*** ENTRIES PROVIDED ***
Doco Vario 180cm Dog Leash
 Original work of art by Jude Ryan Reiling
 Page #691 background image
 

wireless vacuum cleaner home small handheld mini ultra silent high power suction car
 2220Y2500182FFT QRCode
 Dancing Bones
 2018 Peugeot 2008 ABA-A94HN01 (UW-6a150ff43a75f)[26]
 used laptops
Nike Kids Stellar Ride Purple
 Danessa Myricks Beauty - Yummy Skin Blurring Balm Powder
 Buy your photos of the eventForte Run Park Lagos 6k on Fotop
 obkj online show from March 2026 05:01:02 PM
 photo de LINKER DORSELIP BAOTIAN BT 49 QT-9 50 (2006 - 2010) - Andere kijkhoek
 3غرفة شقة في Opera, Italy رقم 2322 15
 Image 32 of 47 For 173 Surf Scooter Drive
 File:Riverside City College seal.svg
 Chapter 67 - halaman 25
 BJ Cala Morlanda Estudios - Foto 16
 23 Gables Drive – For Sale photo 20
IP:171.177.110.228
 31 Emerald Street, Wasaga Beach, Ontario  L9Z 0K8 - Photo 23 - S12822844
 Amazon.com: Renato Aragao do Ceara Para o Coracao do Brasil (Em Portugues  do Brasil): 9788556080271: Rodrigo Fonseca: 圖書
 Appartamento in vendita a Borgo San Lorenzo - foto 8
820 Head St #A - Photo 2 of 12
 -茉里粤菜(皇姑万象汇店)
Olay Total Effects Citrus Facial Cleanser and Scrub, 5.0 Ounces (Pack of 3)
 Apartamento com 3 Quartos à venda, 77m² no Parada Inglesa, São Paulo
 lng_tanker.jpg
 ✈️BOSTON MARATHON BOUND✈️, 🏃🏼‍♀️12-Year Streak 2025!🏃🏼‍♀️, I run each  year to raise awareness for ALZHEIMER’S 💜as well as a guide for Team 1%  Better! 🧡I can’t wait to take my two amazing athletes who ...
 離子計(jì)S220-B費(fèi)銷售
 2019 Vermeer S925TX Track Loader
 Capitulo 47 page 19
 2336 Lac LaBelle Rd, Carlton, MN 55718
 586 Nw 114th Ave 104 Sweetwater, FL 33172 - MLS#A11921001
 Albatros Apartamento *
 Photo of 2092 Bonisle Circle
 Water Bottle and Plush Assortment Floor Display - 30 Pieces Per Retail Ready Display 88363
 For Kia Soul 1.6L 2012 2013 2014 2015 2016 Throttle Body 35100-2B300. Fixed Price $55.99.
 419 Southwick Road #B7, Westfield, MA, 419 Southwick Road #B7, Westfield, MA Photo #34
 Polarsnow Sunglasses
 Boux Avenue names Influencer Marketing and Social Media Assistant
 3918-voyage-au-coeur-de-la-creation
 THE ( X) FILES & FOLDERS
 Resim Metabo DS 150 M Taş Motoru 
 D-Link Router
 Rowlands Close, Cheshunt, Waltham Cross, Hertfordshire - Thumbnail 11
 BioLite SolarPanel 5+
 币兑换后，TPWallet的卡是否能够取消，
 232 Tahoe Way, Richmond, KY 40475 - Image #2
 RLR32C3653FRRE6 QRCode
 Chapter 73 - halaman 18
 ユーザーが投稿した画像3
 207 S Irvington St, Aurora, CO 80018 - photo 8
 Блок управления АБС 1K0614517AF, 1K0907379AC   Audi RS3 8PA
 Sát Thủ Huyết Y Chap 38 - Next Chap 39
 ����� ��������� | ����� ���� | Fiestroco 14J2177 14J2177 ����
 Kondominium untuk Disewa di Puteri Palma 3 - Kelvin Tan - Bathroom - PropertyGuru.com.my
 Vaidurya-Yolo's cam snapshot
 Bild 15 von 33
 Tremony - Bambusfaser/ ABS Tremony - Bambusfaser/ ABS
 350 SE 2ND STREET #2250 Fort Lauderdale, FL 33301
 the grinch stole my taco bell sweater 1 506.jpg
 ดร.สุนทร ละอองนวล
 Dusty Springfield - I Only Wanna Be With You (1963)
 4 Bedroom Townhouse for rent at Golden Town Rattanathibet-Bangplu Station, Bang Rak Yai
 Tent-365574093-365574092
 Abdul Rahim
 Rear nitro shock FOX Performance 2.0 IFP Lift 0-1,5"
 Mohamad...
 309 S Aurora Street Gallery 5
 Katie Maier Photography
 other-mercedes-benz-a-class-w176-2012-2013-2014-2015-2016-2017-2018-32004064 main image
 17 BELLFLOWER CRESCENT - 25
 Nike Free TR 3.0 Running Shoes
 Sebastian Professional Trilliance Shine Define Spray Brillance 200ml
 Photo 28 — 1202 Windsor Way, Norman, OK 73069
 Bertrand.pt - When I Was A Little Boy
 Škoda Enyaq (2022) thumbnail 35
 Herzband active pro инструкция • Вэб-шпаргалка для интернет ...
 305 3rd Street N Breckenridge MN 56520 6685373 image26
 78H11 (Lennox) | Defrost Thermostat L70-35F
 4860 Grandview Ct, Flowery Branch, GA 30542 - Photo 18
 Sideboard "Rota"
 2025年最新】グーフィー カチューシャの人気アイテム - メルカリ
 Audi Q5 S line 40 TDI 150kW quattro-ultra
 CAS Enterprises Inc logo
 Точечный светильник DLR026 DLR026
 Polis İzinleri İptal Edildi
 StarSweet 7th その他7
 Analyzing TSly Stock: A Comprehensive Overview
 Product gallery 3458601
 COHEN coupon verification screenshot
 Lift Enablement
*** End of ENTRIES PROVIDED ***
▸ EXERCISE
From the first line of the records above down to the line containing "File:Riverside City College seal.svg", repeat each line exactly as written. Include both of those lines and add nothing.

▸ TASK RESULT
Doco Vario 180cm Dog Leash
 Original work of art by Jude Ryan Reiling
 Page #691 background image
 

wireless vacuum cleaner home small handheld mini ultra silent high power suction car
 2220Y2500182FFT QRCode
 Dancing Bones
 2018 Peugeot 2008 ABA-A94HN01 (UW-6a150ff43a75f)[26]
 used laptops
Nike Kids Stellar Ride Purple
 Danessa Myricks Beauty - Yummy Skin Blurring Balm Powder
 Buy your photos of the eventForte Run Park Lagos 6k on Fotop
 obkj online show from March 2026 05:01:02 PM
 photo de LINKER DORSELIP BAOTIAN BT 49 QT-9 50 (2006 - 2010) - Andere kijkhoek
 3غرفة شقة في Opera, Italy رقم 2322 15
 Image 32 of 47 For 173 Surf Scooter Drive
 File:Riverside City College seal.svg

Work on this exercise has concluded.